RECORDED DATA:
"""

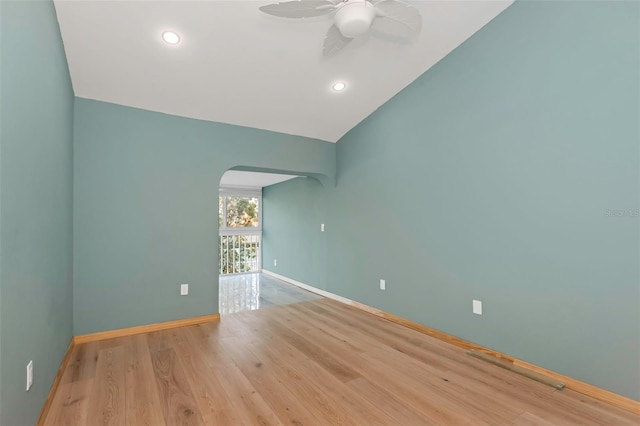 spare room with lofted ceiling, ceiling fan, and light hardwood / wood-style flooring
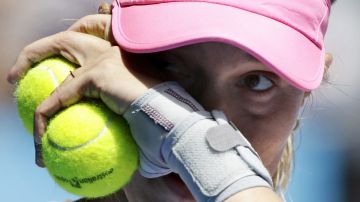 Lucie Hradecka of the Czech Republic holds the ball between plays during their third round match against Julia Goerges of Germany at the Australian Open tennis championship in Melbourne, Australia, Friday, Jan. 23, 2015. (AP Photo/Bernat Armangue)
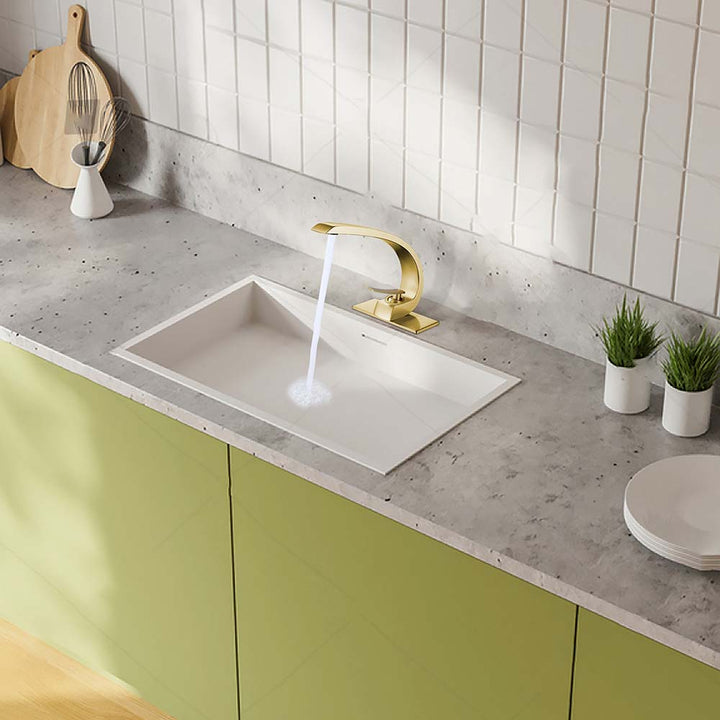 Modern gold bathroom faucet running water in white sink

"""

WHAT YOU ARE ASKED TO DO:
Would you return the data above exactly as written, minus the images?

OUTPUT FOR THIS TASK:
 spare room with lofted ceiling, ceiling fan, and light hardwood / wood-style flooring
 Lucie Hradecka of the Czech Republic holds the ball between plays during their third round match against Julia Goerges of Germany at the Australian Open tennis championship in Melbourne, Australia, Friday, Jan. 23, 2015. (AP Photo/Bernat Armangue)
 Modern gold bathroom faucet running water in white sink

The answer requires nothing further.